We find no merit in defendant's claim that he was not in default under the note because it was fully satisfied in 2004 by using a subsequent home equity line of credit. We disagree with these contentions because, as the motion court noted, defendant's note was not terminated after that transaction and plaintiff's business records indicate defendant continued to take advances under the note.

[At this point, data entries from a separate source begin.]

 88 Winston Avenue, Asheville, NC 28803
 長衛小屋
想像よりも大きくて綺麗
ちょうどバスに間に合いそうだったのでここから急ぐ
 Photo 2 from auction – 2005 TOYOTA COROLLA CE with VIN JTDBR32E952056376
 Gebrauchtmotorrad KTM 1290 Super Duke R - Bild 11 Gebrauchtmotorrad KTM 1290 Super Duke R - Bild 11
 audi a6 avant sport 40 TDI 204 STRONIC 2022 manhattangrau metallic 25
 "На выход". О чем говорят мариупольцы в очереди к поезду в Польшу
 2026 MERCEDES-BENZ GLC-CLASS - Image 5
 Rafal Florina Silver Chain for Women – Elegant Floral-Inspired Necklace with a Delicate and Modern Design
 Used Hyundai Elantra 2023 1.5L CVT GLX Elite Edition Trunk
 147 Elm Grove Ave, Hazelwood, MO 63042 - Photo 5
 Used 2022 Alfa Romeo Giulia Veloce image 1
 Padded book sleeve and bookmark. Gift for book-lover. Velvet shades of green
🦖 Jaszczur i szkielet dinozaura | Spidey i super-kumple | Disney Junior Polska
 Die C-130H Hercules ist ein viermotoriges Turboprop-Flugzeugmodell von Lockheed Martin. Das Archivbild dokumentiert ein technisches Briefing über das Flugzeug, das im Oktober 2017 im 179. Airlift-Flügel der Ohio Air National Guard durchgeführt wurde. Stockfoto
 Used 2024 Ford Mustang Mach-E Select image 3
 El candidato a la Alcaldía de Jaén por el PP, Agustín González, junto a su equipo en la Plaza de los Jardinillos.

We are also not persuaded by defendant's argument that plaintiff failed to comply with pre-filing notice requirements. Before a party can initiate foreclosure on a residential mortgage, it is obligated under the FFA to "give a notice of intention, which shall include a notice of the right to cure the default." N.J.S.A. 2A:50-56(a). We are satisfied from our review of the record that plaintiff complied with the FFA and the Rules with respect to service of the notice of intention and the complaint.
To the extent we have not addressed any of defendant's remaining arguments it is because we have determined that they are without sufficient merit to warrant discussion in a written opinion. See R. 2:11-3(e)(1)(E).
Affirmed.
I hereby certify that the foregoing is a true copy of the original on file in my office.